Microsoft's open source Phi-4 inference model: long-winded AI, rewind

The most interesting thing in the AI ​​circle is no longer "whose model has the most parameters", but - whose small model can knock down the big model.

Recently, Microsoft Research has opened up a "small but strong" research: Phi-4-reasoning-plus. This is an open source language model designed specifically for deeply structured inference tasks.

The 14B parameters are less than one-fifth of that of DeepSeek 70B, but the performance of mathematics, science, code, and logical reasoning is relatively good.

In the AIME 2025 Mathematics Exam, the 14B model, the correctness of the full question for the first time, actually had a 70B refinement big guy, and even almost touched the heel of the DeepSeek 671B.

The Microsoft team broke the convention with a series of "reasoning chains", allowing AI to slow down, talk a little bit, think repeatedly, and allow itself to make mistakes, which is mainly reflected in:

Chain-of-Thought becomes the core training goal.
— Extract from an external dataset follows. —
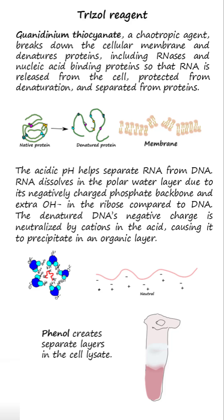The saturated phenol in the Trizole reagent is a non-polar solvent and creates separate layers in the cell lysate. The non-polar phenol layer collects lipids, precipitated proteins, and DNA.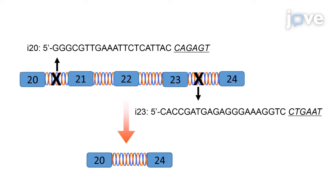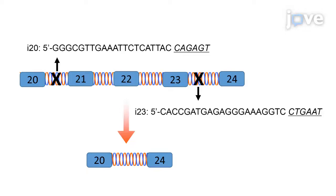The proper design of the guide RNAs, or gRNAs, is critical to the success of this protocol. Select two gRNAs targeting dystrophin intron-20 and intron-23 for the Staphylococcus aureus CRISPR-associated protein 9. The protospacer adjacent motif sequence for each gRNA is underlined and italicized.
Instead of giving the answer directly like traditional big models, it is specially trained to write the "inference process"; in the training data and output, the model is mandatory to use the

Encourage "slow thinking" and reward the verbose reasoning process. In the RL (reinforcement learning) stage, the reward mechanism is specially designed to encourage a longer reasoning chain when answering wrong, and encourage a conciseness when answering right; as long as the model does not answer correctly, it is encouraged to "think two more steps", and the reasoning process can be longer, more detailed, and even repeatedly self-negation and correction.

result? Not only is the answer correct, but the idea is also clear.
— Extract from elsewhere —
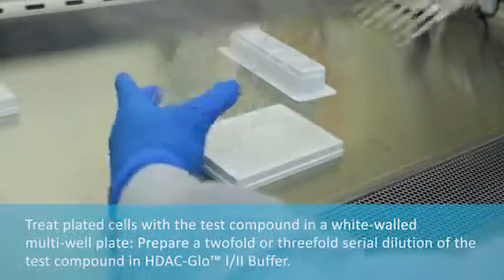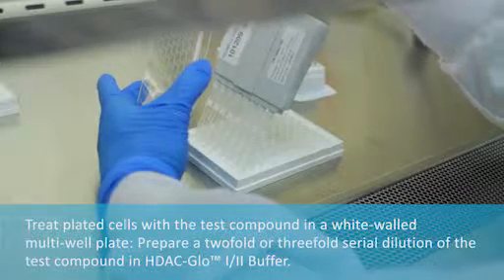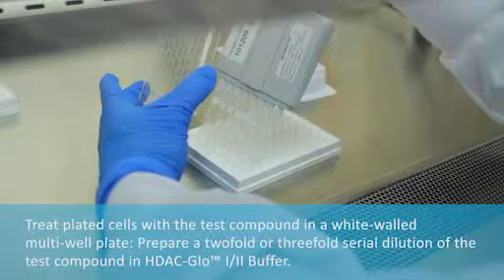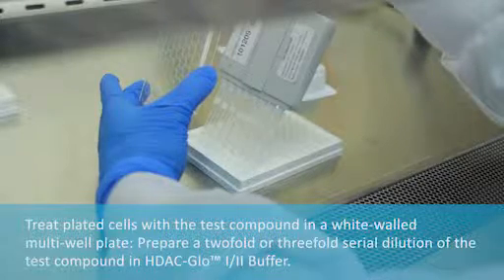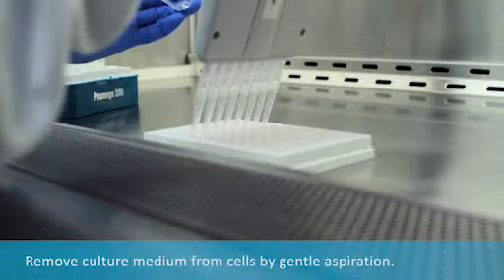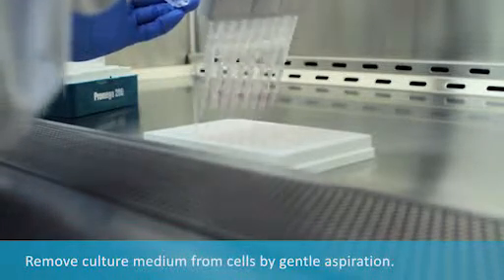Treat plated cells with test compound in a white-walled multi-well plate. Prepare a two-fold or three-fold serial dilution of the test compound in HDAC Glow 1-2 buffer. Remove culture medium from cells by gentle aspiration.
There is a very interesting detail in the technical report: Phi-4-reasoning's reasoning chain is not longer, the better, nor is it shorter, the stronger, but it "just just" simulates the "thinking length" of human beings.

The specific reward mode in the RL stage is: "If you answer correctly, you must be concise, but if you answer wrong, you encourage more thinking." For some tasks, the answering process will also "self-deny" and even overturn and start over. Of course, not all fields have been greatly improved, such as biology, chemistry, discrete mathematics, and AI will also be "stuck".
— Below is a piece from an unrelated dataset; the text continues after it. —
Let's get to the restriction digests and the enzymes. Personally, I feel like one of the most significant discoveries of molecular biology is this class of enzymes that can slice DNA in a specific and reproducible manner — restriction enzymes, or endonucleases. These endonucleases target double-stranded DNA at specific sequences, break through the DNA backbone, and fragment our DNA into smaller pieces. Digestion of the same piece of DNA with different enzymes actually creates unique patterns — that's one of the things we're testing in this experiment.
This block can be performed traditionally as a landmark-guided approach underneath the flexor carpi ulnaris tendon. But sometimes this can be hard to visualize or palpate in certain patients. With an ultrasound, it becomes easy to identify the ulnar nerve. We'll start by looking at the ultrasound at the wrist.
After SFT (supervised fine-tuning), Phi-4-reasoning-plus also adds a layer of rules-based reinforcement learning, and the reward design is also very exquisite:

If you answer correctly, encourage conciseness (reward short reasoning)

If you answer wrong, you will encourage you to be long-winded (rewards will be more thoughtful)

Points will be deducted if the output format is incorrect or the thinking is disordered

Repeated statements are punished, encouraging diversity and exploration

This is different from traditional RLHF (reinforced learning based on human feedback). The Phi-4 team uses automatically verified mathematical problems. The reward function is directly linked to the length of the reasoning chain and the correctness of the answer. The model is trained to "think more, write more, and reflect more steps when there is any mistake."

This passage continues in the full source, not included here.